Professor of Music (1998)

Contact Information

on sabbatical 2025-26

pound@dickinson.edu

Weiss Center for the Arts
717-245-1332

Bio

Composer and conductor Robert Pound teaches courses in theory, composition, and conducting. He is Director of the Dickinson Orchestra. Pound’s numerous compositions include orchestral works for the Atlanta Symphony and the Columbus (GA) Symphony, the St. Louis Symphony Youth Orchestra, and the Youth Orchestra of Greater Columbus. He has received commissions from such distinguished ensembles as the Corigliano Quartet, the Timaeus Ensemble, Alarm Will Sound, and the Florestan Recital Project. Pound has also written music for professional stage productions, including Eurydice, Moby Dick Rehearsed, Oedipus at Colonus, André Gregory’s Bone Songs, Strindberg’s The Dance of Death, and the premiere G.D. Kimble's play What Passes for Comedy (2022). In March 2002, Pound was Composer in Residence at Columbus State University. He was guest composer and lecturer at the University of North Texas in April 2010. Pound has guest conducted with Verge (the performing ensemble of the Contemporary Music Forum, Washington, DC) with whom he performed at the June in Buffalo Festival in 2009. He was Music Director of the West Shore Symphony Orchestra (New Cumberland, PA) from 2000 to 2002. As a Fellow at Tanglewood Music Center in the summer of 2003, he participated in master classes with Robert Spano, Christoph von Dohnányi and Kurt Masur and conducted Peter Lieberson’s Razing the Gaze in Seiji Ozawa Hall as part of the Festival of Contemporary Music. More information and samples of Pound's music at: http://robertwpound.com/

Education

  • B.M., University of North Texas, 1992
  • M.M., The Juilliard School, 1994
  • D.M.A., 1998

2026-2027 Academic Year

Fall 2026

FYSM 100 First-Year Seminar
The First-Year Seminar (FYS) introduces students to Dickinson as a "community of inquiry" by developing habits of mind essential to liberal learning. Through the study of a compelling issue or broad topic chosen by their faculty member, students will: - Critically analyze information and ideas - Examine issues from multiple perspectives - Discuss, debate and defend ideas, including one's own views, with clarity and reason - Develop discernment, facility and ethical responsibility in using information, and - Create clear academic writing The small group seminar format of this course promotes discussion and interaction among students and their professor. In addition, the professor serves as students' initial academic advisor. This course does not duplicate in content any other course in the curriculum and may not be used to fulfill any other graduation requirement.
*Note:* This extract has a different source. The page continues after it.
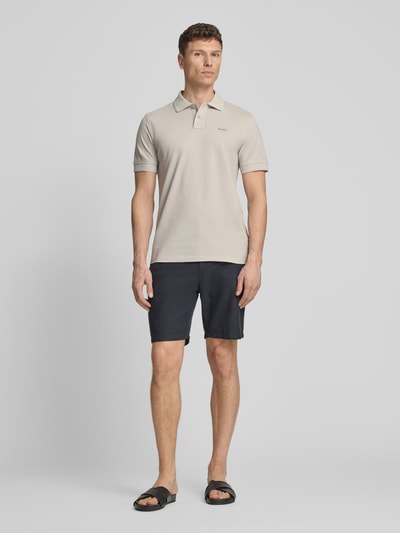 BOSS Orange Regular Fit Poloshirt aus reiner Baumwolle Modell 'PRIME' Sand 1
MUAC 125 Keys to Music 2: Sacred Roots
Cross-listed with RELG 318-01.

MUAC 231 Keep the Peace/Spare the Clash
Two or more musicians, equal in importance, have to agree to some basic principles so as to make beautiful sonorities together and not merely clash in chaos. One such set of rules is the 500-year-old Western practice of counterpoint, the art and technique of combining multiple parts to create well-organized sounds and not sonic disorder. In this class, students learn to use this compositional technique, composing short etudes and studying 15th-18th-Century composers and repertoire as models. Each semester culminates in a short contrapuntal work for 2, 3, or 4 voices. May be taken out of sequence. Two semesters, 0.5 credit each semester. Prerequisite: MUAC 115 or 125 or substantial evidence of previous compositional experience, advanced theory placement by exam (e.g. into MUAC 126, 245 or 246) and permission of instructor.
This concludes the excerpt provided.